(Assigned task):
Your copy runs from the line containing "Комутатор Smart TP-Link TL-SG108PE" through the last line of the listing, both included. Restate those lines word for word and leave out pictures.

(Information shown):
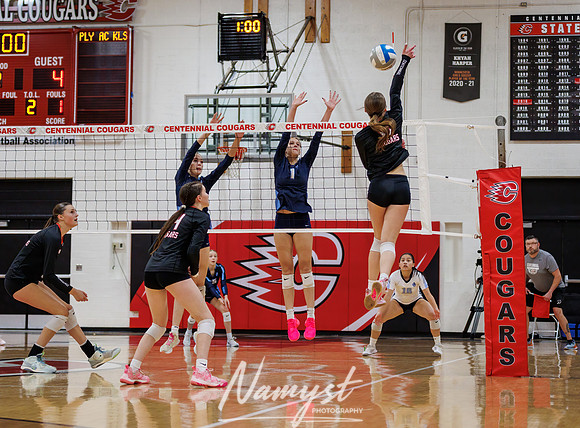 Centennial vs Blaine Girls Varsity Volleyball 108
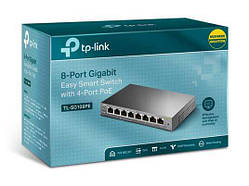 Комутатор Smart TP-Link TL-SG108PE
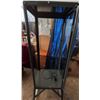 Image 12 : Poker Table, Handheld Metal Detector, and Display Case Lot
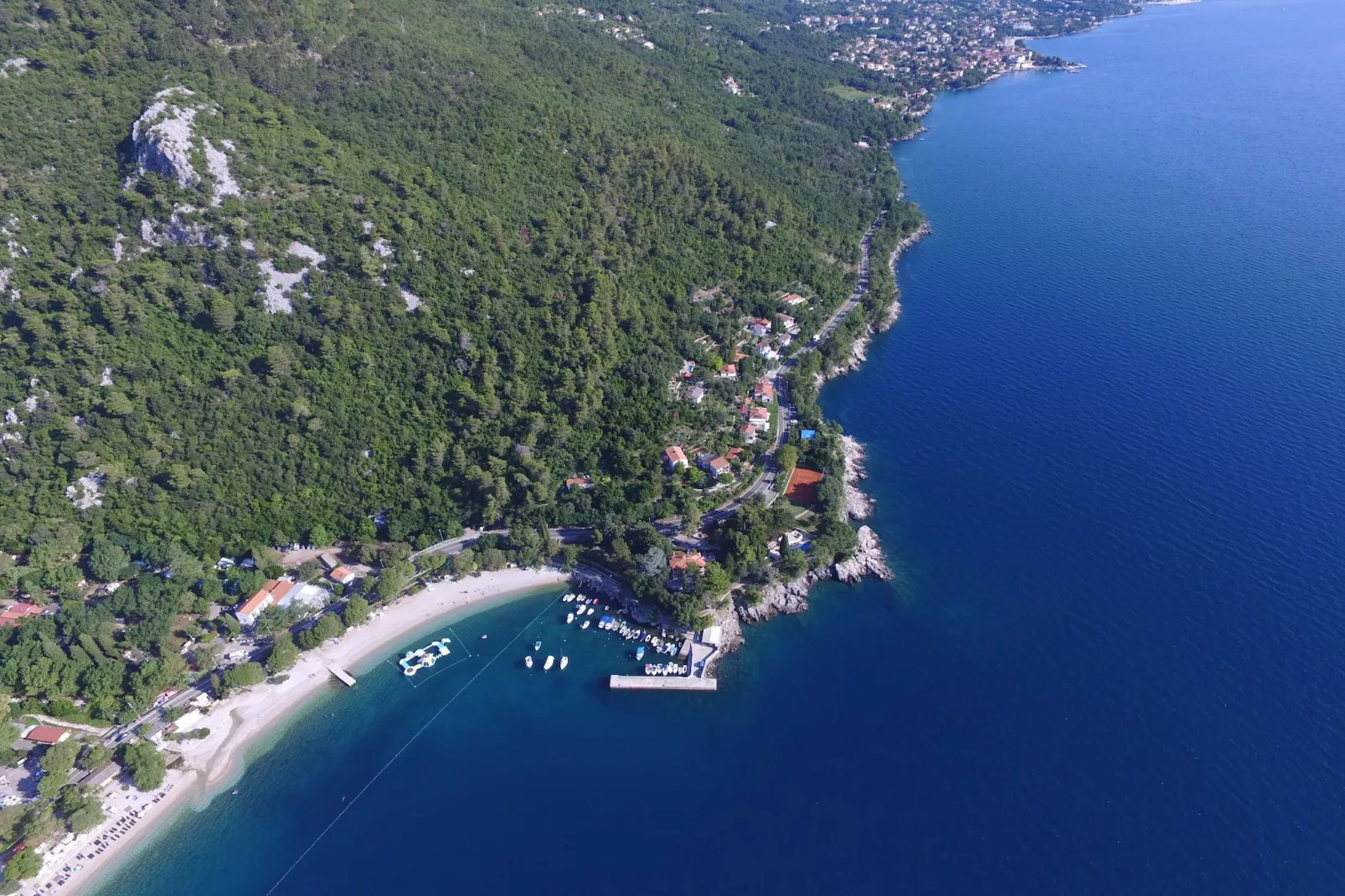 Splendid Beachfront Medveja Apartments - One Bedroom Apartment with Terrace and Sea View 4 - Vue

(Exercise solution):
 Комутатор Smart TP-Link TL-SG108PE
 Image 12 : Poker Table, Handheld Metal Detector, and Display Case Lot
 Splendid Beachfront Medveja Apartments - One Bedroom Apartment with Terrace and Sea View 4 - Vue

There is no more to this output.